Like many European cities, Segovia’s cobblestone streets are primarily for foot traffic.  Squirms loves a good cobblestone street and for that reason, so do we.  We took a leisurely stroll to Segovia’s Plaza Mayor, which is charming and idyllic.  It even has  a gazebo in the center.

The most eye-catching building in Plaza Mayor is the huge Segovia Cathedral.  It was built in the mid 1500s and still holds weekly services.  On the inside, there are eight chapels, an ornate ceiling and the grave of Saint Valentine (Jury is still out if it’s that Saint Valentine).  You don’t have to be religious to appreciate the devout details.  This is a place where you stand in awe.

After the cathedral, the moment I had been dreading was upon us.  Segovia is popular for three things…the Aquaduct, the Cathedral and…suckling pig.  Yep, just like the one you dissected in 9th grade Biology class.  We went to the place to have suckling pig, Meson de Candido, owned for decades by the mayor of Segovia.  Apparently he is a bit of a rock star.  Many people were standing in line to have a photo-op with him. Not sure why, but below is a picture of Dan, the mayor and Squirms. So bizarre.  🙂

I promised myself that I would try the poor piggie, which I did, and hated myself afterwards.
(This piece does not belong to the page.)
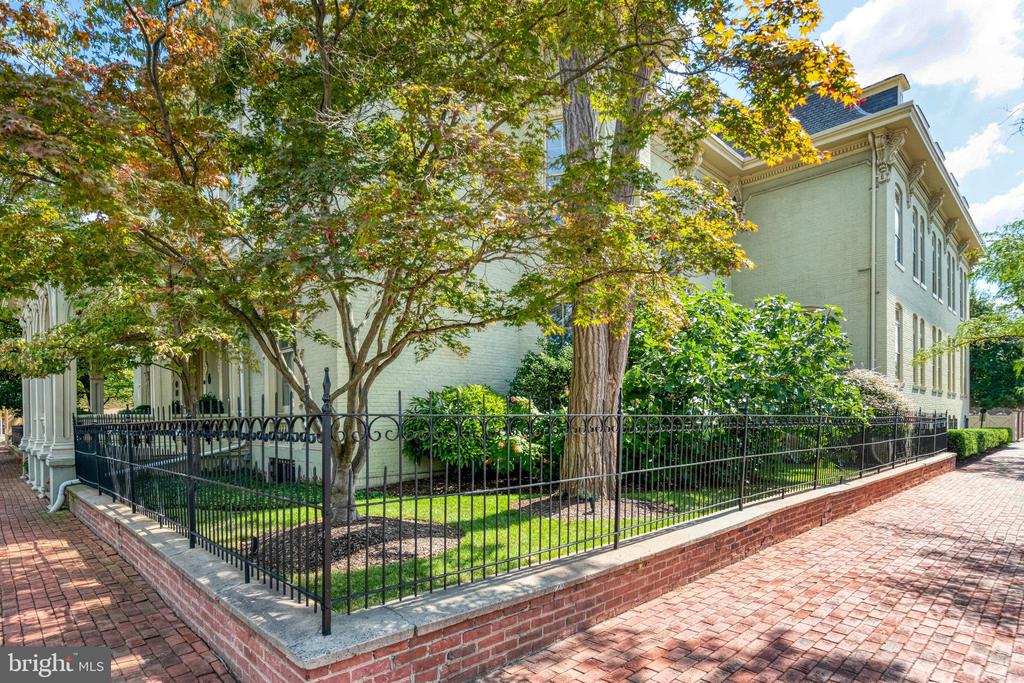 702 PRINCE STREET 2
Not for the reason you would think either.  The pig was delicious.  The meat was super tender and juicy.  I hate the possible consequences that might happen if I say how much I enjoyed it, so I will leave it at this.  There is a reason why this is one of the things Segovia is known for and if you happen to visit Segovia, do yourself a favor.  (Sorry piggies)

We had such a nice day that we will be visiting Segovia again this summer when two of my favorite humans join us for the month of July.  Apparently the Cathedral at night is too gorgeous to miss.

So…are we crazy for traveling with an opinionated infant?  Maybe… but Squirms did so well that we’ve decided to push the envelope.  Next week, we take our first weekend getaway.  The destination?  Valencia!

 

6 thoughts on “Segovia

  1. Hi, Nancy– I loved reading this because I studied abroad in Segovia and Valencia during undergrad. We called a certain street Jamon Avenue (not sure how to do accent marks in WordPress), and before every movie showing there was an ad for a suckling pig catered feast– so much pig.I hope you enjoy the rest of your travels with the newest member of your family!